I am now thinking, whether there is a possibility the incorrect update of the identity fingerprints on the device is due a race condition, when its buddy device is performing an OMEMO regeneration. I have observed and confirmed that one of the test device, its DB contains the buddy newly generated
OMEMO deviceId, but its fingerprint is of the old deviceId.

In all mismatched fingerprint occurrence, it is because the fingerprint is not being updated, and not due to data corrupted.

I now need to understand why there is always a function call from smack to storeOmemoIdentityKey() of all the message’s recipients, before the OMEMO message is being sent; and when/how the recipients’ fingerprints are being generated.
Do you have any info on this process flow?

Paul_Schaub · November 1, 2020, 10:23am

To be clear: when performing an OMEMO regeneration, the device-ID is also regenerated. Please make sure that you don’t reuse an old device-ID with new keys. This might otherwise cause your issues.
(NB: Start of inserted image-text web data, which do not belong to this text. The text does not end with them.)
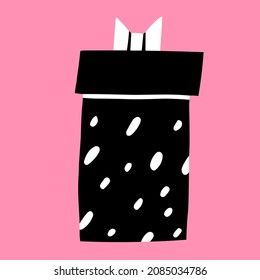 vector black and white sticker - a gift in a red box with a bow. Surprise gift for birthday, new year, valentine's day. Template for website, tattoo, postcards, icons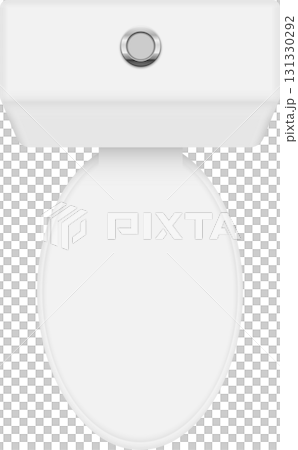 A top-down view of a pristine white toilet with a flush button against a dark background. A top-down view of a pristine white toilet with a flush button against a dark background. 131330292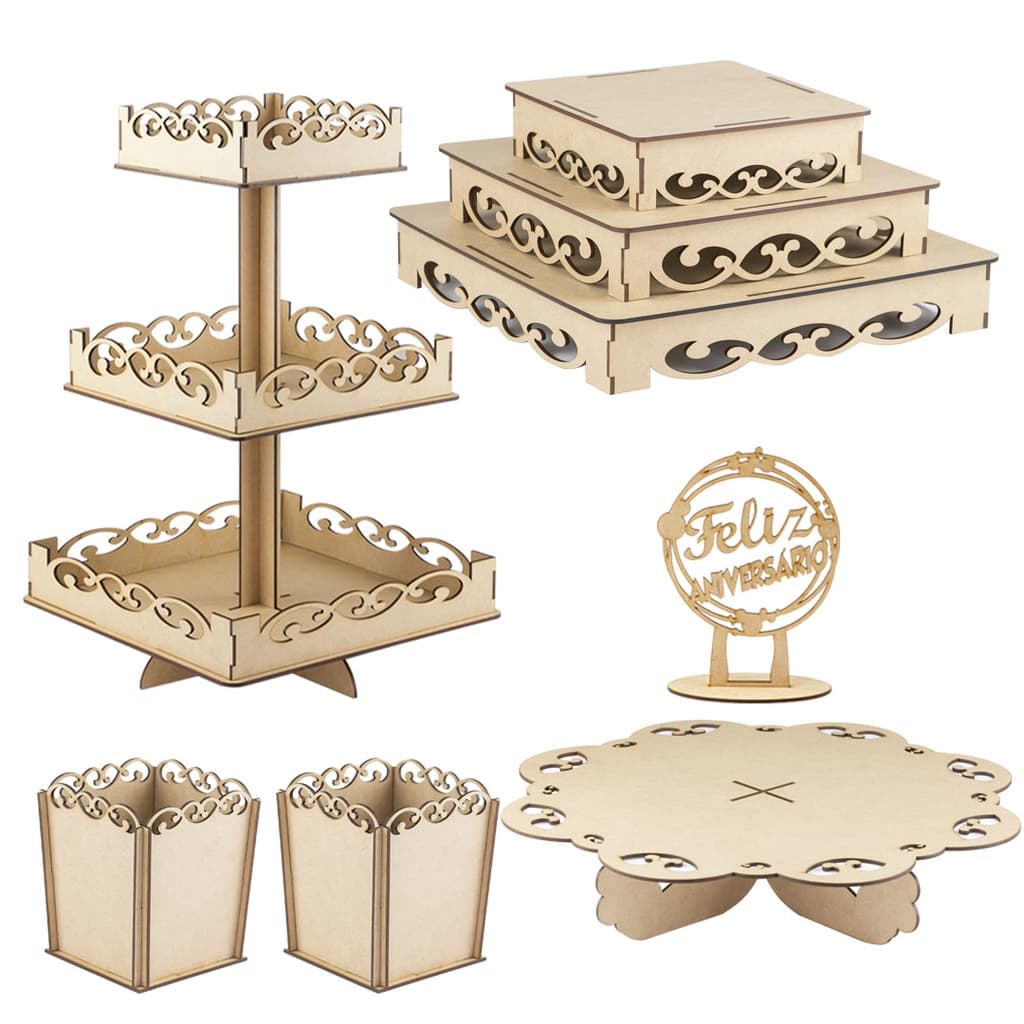 Bandeja Provençal Em Mdf - Decoração Festa - Kit Com 8 Peças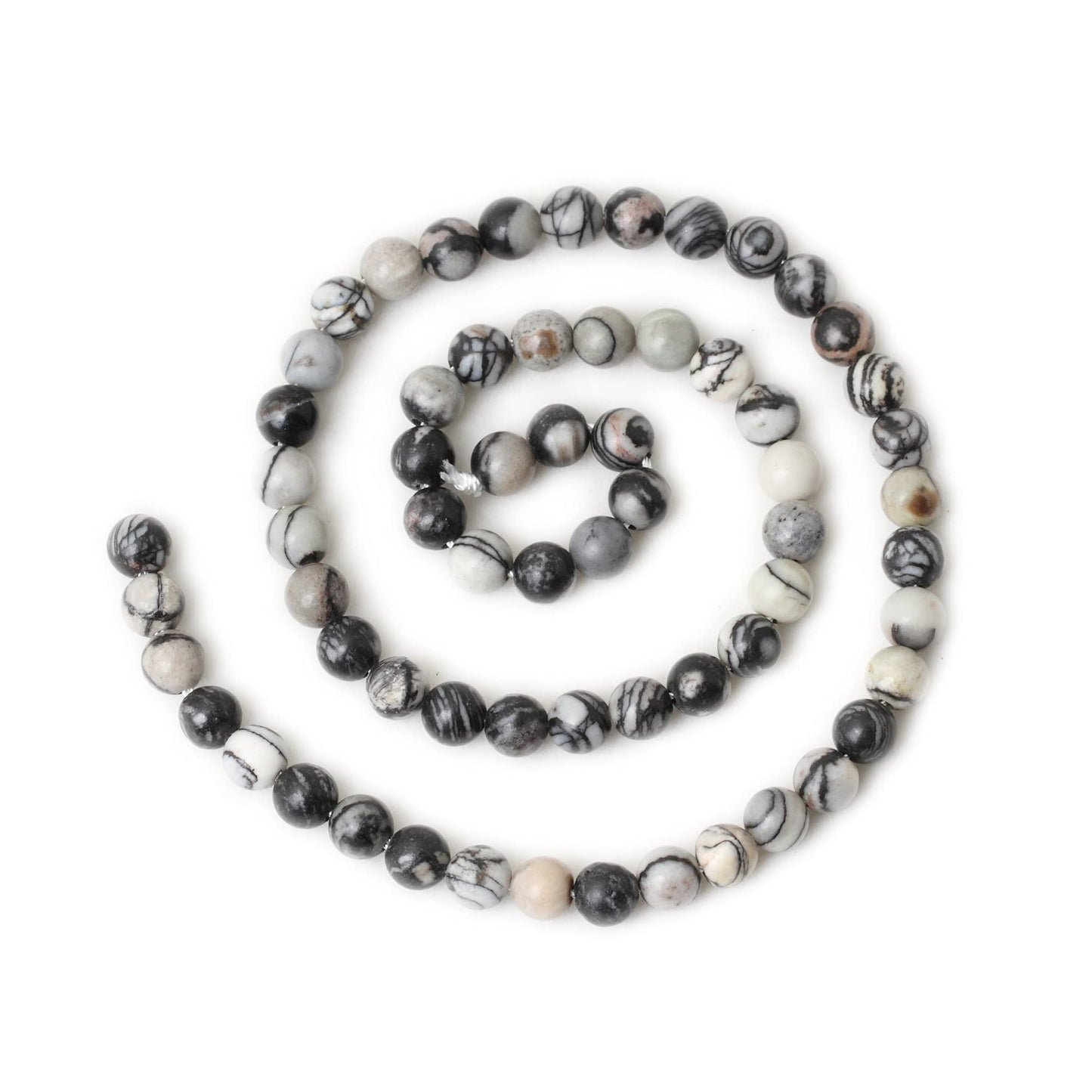 CHEAVIAN 60PCS 6mm Natural Black Network Zebra Stone Round Loose Beads for Jewelry Making DIY Bracelet Necklace Materials 1 Strand 15"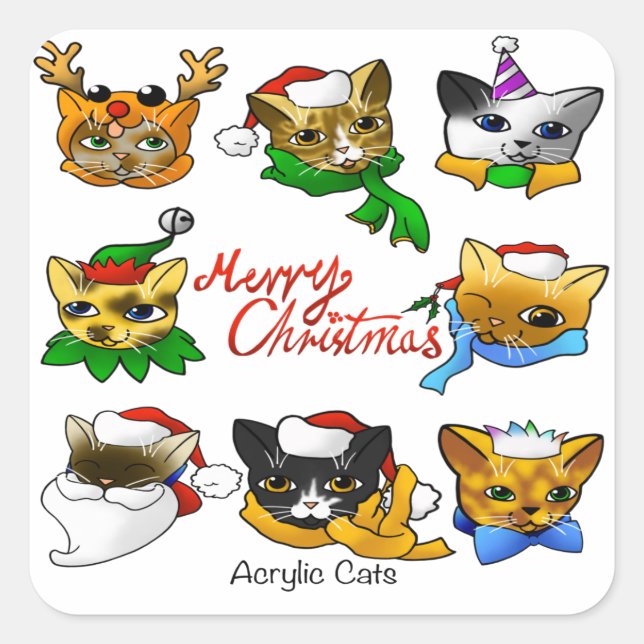 Merry Christmas Cats Square Sticker (Front)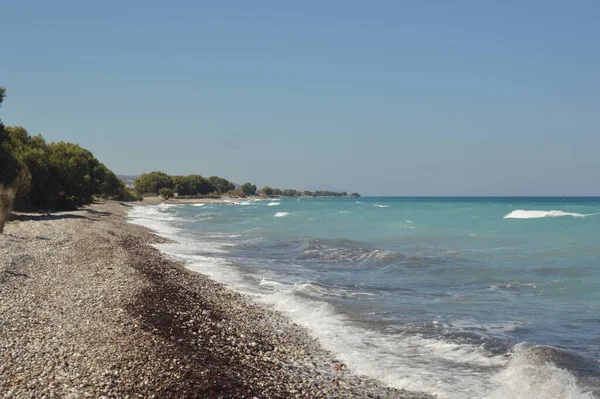 Panorama Praia Mar Egeu Aldeia Theologos Uma Ilha Rhodes Grécia — Fotografia de Stock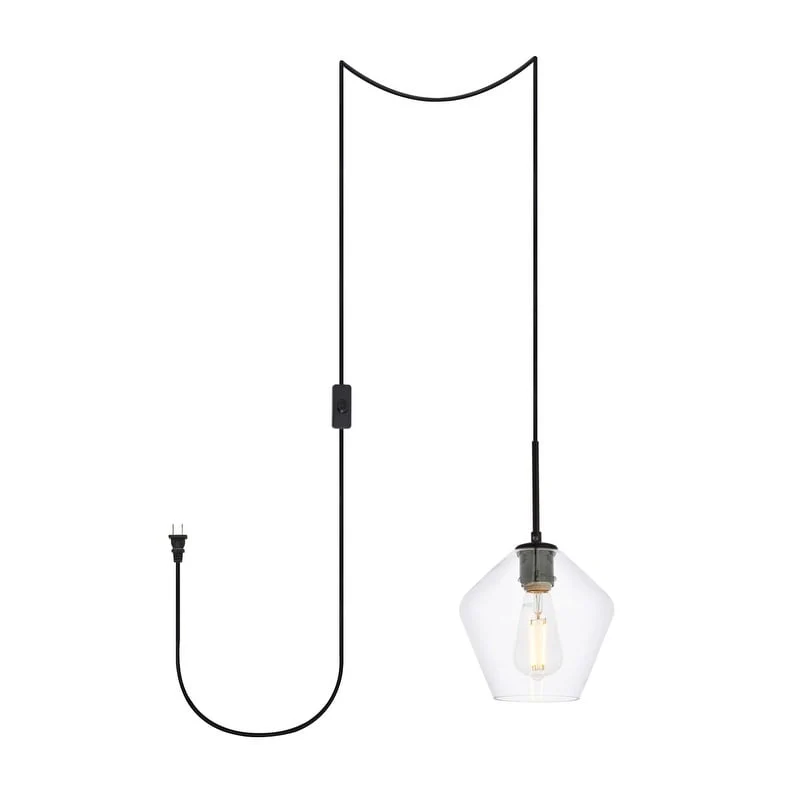 Garrett 1-Light Plug in Pendant with Clear Shade - Black - 8  Diameter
cmeng · November 6, 2020, 3:39am

The problem may have arised due to aTalk incorrect OMEMO regeneration implement. I will close the issue. If need to, will raise again if problem re-appear.

See
Smack 4.4.0-beta2: OMEMO continues using old OmemoDevice Id even after the regeneration process with new DeviceID specified

system · February 14, 2021, 3:39am

This topic was automatically closed 100 days after the last reply. New replies are no longer allowed.